Musically, Schifrin’s baby — it appears again in the coming weeks in the latest installment of the franchise, dubbed Fallout; more on that in a moment — is a bit of an oddball for such a popular hit: its 5/4 time signature keeps it sounding off-kilter to American ears (although some movie adaptations dumb this down to a much blander 4/4), while the unconventional instrumentation (percussion, flutes, piano) is alternately pounding and piercing. For a series about impossible missions, it is pitch perfect, and a summer tradition I never seem to tire of revisiting, at least for the opening credits.

The new film in the series reunites Tom Cruise with writer/director Christopher McQuarrie, who helmed the previous Mission: Impossible — Rogue Nation in 2015. Cruise’s Ethan Hunt, backed by his usual IMF team of misfit agents (Simon Pegg, Ving Rhames) goes off the reservation after a master criminal escapes when an operation under Hunt’s control goes wrong. Determined to set things right but being run down by both the enemy and his own government — a familiar trope to fans of the earlier MI stories — Hunt and his team must race against time to recapture their enemy and prevent a wider catastrophe. Alec Baldwin, Michelle Monaghan, and Angela Bassett are along for the ride.

Me? I just want to hear that music one more time.

Mission: Impossible — Fallout, various dates/times, Cinemark Theaters, Russell St., Hadley; Eastfield 16, 1655 Boston Rd., Springfield.

Also at Cinemark this July is the Studio Ghibli classic Princess Mononoke. Three screenings over four days will feature both the original Japanese version and the English dubbed edition (Gillian Anderson, Billy Crudup, and Jada Pinkett Smith feature there, though I’d recommend the subtitled version which shows on July 23).
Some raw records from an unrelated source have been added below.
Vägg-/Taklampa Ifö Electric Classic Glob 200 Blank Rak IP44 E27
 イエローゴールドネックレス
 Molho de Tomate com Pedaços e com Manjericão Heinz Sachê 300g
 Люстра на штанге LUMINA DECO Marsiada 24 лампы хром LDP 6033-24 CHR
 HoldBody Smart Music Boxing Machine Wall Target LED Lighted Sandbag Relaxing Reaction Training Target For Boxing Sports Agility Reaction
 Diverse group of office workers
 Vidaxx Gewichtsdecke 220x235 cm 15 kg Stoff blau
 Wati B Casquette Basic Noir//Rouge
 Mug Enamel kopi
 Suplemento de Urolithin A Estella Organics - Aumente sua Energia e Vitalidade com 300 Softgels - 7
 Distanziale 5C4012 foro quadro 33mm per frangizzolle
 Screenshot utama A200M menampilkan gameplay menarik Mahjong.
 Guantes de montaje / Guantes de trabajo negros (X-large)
An animated epic about the battle between Princess Mononoke — a girl raised by wolves — and the humans who are trying to destroy the woods she calls home, it is set centuries in the past but concerns itself, like so many Ghibli films, with the ecological problems of today. But unlike some Western cartoons, Mononoke (the name refers to a shape-shifting demon of Japanese mythology) doesn’t shy away from dramatic, sometimes gruesome imagery; the deaths and dismemberments make it a touch darker than Ghibli fare like My Neighbor Totoro. If you have a very young Ghibli fan in your family, you may want to wait a bit before introducing Mononoke, but for anyone over 10, it should prove to be a lasting favorite.

Princess Mononoke, July 22/23/25, various times, Cinemark Theaters, Russell St., Hadley; West Springfield 15, 864 Riverdale St., West Springfield.